Segment Open
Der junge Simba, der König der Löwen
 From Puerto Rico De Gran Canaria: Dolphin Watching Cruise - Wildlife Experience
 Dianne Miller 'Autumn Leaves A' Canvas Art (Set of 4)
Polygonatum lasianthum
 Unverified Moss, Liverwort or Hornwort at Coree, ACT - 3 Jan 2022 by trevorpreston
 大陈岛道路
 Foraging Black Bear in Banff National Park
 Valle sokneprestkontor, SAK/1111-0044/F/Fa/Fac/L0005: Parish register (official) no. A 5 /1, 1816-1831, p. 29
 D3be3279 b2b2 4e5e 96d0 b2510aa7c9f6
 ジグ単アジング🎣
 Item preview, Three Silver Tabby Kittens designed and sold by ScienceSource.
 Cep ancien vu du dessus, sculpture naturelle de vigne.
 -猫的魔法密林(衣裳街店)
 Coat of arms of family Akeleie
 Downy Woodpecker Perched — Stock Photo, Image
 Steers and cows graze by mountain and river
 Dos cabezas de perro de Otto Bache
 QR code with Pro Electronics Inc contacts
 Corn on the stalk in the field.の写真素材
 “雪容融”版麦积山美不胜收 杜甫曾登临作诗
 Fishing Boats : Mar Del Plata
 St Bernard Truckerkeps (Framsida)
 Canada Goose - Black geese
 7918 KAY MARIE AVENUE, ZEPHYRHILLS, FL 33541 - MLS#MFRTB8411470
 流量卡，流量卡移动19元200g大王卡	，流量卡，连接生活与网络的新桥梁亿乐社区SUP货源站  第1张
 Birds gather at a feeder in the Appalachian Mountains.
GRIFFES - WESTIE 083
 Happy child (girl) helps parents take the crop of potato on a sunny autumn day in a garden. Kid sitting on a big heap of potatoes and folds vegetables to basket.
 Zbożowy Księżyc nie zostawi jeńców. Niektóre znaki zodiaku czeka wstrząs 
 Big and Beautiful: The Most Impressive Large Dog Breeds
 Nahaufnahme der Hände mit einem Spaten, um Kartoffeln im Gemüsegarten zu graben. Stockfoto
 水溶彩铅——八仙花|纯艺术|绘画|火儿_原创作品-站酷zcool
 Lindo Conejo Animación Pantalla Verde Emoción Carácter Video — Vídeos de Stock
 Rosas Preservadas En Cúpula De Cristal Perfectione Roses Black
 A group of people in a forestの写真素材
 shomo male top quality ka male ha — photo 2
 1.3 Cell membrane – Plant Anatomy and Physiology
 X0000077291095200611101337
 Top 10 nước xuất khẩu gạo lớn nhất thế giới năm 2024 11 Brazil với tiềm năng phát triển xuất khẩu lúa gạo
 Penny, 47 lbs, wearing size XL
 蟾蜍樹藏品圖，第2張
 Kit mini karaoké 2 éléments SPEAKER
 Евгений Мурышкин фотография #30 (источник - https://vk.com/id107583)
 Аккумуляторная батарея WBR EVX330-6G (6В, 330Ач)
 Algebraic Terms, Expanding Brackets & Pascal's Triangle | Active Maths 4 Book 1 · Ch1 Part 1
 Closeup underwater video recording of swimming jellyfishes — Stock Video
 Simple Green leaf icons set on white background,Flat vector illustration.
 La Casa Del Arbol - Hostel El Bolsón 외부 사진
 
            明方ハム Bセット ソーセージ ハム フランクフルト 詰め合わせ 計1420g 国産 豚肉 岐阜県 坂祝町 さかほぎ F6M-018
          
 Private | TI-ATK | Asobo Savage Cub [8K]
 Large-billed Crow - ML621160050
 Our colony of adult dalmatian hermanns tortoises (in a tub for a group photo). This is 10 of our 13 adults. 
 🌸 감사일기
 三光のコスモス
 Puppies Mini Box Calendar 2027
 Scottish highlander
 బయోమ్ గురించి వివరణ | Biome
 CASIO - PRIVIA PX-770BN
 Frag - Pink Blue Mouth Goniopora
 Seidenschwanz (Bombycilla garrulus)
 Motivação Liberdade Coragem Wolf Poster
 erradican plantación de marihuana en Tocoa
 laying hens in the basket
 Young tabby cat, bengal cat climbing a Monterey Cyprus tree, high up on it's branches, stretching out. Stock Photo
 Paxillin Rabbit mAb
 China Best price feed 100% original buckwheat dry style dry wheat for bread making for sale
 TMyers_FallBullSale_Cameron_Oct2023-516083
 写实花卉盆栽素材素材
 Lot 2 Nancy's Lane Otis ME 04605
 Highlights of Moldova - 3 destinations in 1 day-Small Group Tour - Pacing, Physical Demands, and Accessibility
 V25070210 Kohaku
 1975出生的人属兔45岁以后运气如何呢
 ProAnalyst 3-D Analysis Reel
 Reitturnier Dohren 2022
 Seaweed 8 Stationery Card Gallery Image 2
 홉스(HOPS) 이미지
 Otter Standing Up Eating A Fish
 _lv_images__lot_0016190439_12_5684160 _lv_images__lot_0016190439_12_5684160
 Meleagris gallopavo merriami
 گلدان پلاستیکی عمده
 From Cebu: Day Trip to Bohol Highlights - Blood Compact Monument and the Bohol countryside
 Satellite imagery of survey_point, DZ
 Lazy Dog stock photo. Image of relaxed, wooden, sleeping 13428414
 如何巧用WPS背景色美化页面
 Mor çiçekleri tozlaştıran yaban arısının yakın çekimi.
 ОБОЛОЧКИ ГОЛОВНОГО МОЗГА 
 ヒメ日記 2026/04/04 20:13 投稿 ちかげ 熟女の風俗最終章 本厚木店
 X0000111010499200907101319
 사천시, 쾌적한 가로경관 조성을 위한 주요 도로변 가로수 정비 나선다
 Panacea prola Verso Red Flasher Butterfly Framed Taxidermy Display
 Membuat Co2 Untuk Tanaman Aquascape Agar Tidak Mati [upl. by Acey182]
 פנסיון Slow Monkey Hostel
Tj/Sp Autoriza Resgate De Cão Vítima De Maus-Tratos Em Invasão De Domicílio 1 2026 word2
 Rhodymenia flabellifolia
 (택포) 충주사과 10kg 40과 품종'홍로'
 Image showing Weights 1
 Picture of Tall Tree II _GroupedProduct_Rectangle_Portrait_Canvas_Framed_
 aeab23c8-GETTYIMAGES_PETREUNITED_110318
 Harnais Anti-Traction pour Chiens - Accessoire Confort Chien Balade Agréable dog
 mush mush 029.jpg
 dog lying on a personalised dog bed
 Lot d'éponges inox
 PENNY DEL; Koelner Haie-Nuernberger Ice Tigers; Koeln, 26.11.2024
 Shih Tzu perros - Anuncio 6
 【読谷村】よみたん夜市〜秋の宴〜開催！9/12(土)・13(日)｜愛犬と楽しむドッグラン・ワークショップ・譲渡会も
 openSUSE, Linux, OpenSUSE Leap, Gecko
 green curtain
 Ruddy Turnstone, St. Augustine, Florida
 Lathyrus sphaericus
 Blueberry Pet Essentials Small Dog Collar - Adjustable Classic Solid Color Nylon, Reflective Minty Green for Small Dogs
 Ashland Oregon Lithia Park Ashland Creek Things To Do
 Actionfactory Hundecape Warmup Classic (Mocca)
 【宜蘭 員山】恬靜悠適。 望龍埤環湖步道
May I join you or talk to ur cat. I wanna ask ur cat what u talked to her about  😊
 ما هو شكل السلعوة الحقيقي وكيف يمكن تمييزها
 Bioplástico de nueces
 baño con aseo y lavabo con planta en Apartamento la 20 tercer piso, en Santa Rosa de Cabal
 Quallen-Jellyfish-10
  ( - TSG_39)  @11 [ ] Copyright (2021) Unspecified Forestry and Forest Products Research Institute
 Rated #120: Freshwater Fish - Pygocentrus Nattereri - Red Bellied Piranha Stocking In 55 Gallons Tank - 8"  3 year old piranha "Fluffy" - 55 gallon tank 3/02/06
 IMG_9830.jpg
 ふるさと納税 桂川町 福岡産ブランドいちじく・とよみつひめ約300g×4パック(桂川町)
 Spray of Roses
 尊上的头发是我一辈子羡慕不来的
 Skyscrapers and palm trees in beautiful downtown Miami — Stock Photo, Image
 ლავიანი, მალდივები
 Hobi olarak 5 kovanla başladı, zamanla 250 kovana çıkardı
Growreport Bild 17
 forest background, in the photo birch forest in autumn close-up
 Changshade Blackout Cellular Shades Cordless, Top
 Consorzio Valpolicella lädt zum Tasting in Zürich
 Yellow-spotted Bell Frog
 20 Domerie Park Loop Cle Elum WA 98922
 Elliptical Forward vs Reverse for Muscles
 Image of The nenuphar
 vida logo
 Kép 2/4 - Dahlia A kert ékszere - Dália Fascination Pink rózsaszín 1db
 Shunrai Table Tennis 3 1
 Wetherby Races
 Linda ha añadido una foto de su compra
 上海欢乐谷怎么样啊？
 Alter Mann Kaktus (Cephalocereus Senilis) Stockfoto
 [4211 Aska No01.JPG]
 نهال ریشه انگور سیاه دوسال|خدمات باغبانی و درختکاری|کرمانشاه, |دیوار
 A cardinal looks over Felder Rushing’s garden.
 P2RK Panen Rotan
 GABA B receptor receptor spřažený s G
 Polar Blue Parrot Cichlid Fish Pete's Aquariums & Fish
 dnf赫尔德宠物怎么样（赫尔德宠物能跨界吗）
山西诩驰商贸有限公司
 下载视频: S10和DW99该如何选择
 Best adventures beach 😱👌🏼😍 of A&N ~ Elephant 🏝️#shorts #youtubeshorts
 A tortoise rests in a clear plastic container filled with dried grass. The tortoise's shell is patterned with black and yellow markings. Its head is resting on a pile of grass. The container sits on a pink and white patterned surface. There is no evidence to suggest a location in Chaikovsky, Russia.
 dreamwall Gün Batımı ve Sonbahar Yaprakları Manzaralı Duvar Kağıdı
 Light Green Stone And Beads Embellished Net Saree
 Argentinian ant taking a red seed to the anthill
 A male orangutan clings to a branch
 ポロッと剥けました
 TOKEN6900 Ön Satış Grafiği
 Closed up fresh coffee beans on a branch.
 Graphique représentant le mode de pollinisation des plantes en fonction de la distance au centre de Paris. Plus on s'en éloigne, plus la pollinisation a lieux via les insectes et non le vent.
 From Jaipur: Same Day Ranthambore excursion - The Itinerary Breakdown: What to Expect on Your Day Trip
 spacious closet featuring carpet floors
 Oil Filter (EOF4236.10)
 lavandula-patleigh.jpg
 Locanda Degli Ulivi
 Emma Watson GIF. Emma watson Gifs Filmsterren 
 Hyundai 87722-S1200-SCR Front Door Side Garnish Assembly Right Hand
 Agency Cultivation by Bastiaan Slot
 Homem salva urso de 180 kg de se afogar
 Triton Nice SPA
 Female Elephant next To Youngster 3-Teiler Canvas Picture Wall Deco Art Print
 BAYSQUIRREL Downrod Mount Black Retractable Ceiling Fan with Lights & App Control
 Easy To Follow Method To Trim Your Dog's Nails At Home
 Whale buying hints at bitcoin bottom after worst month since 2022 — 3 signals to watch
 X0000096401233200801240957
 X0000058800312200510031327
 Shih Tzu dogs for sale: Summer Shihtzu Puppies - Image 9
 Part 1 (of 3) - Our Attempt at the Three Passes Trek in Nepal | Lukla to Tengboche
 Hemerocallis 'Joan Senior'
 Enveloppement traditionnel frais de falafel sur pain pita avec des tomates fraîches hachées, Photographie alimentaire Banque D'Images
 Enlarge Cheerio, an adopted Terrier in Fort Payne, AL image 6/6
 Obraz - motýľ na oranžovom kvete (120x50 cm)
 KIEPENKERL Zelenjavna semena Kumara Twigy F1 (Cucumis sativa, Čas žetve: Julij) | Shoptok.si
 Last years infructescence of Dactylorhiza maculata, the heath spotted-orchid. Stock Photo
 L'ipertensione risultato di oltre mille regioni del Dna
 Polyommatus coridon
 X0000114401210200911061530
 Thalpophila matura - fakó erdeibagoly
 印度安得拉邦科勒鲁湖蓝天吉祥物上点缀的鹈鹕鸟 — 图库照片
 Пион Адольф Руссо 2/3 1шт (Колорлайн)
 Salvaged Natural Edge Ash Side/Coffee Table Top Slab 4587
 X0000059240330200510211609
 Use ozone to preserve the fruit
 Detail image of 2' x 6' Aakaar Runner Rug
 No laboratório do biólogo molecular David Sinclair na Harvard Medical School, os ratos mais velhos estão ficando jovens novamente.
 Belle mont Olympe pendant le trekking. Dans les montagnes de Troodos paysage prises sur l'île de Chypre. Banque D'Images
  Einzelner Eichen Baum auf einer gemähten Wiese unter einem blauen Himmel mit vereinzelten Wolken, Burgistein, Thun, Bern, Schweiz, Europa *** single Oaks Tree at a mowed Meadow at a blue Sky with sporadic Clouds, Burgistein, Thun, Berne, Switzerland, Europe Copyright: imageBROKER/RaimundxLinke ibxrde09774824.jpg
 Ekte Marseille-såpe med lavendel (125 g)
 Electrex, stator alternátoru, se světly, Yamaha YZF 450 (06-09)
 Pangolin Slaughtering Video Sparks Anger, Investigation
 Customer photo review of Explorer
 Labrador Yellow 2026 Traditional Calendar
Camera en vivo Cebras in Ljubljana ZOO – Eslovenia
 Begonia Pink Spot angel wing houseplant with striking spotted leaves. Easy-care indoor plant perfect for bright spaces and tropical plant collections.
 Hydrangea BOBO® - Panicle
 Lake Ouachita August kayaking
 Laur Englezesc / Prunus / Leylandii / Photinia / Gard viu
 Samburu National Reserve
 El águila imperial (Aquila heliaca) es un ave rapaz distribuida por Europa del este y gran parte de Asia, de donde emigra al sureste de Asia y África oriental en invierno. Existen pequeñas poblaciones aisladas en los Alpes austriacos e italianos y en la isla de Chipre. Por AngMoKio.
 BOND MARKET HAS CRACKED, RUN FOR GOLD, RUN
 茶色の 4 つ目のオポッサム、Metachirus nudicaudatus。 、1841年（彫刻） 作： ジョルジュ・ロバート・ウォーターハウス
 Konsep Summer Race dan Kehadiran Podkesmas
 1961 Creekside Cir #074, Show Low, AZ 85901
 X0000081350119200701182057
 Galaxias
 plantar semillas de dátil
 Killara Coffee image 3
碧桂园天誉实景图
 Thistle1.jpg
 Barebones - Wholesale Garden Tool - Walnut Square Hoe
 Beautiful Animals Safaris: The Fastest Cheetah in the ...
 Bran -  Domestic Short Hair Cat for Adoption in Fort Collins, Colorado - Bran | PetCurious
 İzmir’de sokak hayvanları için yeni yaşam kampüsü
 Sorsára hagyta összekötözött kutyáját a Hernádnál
Segment Closed
■ To do ■
Beginning with the very first line of the material above, give each line again exactly, ending with the line that contains "GRIFFES - WESTIE 083".

■ Exercise output ■
Der junge Simba, der König der Löwen
 From Puerto Rico De Gran Canaria: Dolphin Watching Cruise - Wildlife Experience
 Dianne Miller 'Autumn Leaves A' Canvas Art (Set of 4)
Polygonatum lasianthum
 Unverified Moss, Liverwort or Hornwort at Coree, ACT - 3 Jan 2022 by trevorpreston
 大陈岛道路
 Foraging Black Bear in Banff National Park
 Valle sokneprestkontor, SAK/1111-0044/F/Fa/Fac/L0005: Parish register (official) no. A 5 /1, 1816-1831, p. 29
 D3be3279 b2b2 4e5e 96d0 b2510aa7c9f6
 ジグ単アジング🎣
 Item preview, Three Silver Tabby Kittens designed and sold by ScienceSource.
 Cep ancien vu du dessus, sculpture naturelle de vigne.
 -猫的魔法密林(衣裳街店)
 Coat of arms of family Akeleie
 Downy Woodpecker Perched — Stock Photo, Image
 Steers and cows graze by mountain and river
 Dos cabezas de perro de Otto Bache
 QR code with Pro Electronics Inc contacts
 Corn on the stalk in the field.の写真素材
 “雪容融”版麦积山美不胜收 杜甫曾登临作诗
 Fishing Boats : Mar Del Plata
 St Bernard Truckerkeps (Framsida)
 Canada Goose - Black geese
 7918 KAY MARIE AVENUE, ZEPHYRHILLS, FL 33541 - MLS#MFRTB8411470
 流量卡，流量卡移动19元200g大王卡	，流量卡，连接生活与网络的新桥梁亿乐社区SUP货源站  第1张
 Birds gather at a feeder in the Appalachian Mountains.
GRIFFES - WESTIE 083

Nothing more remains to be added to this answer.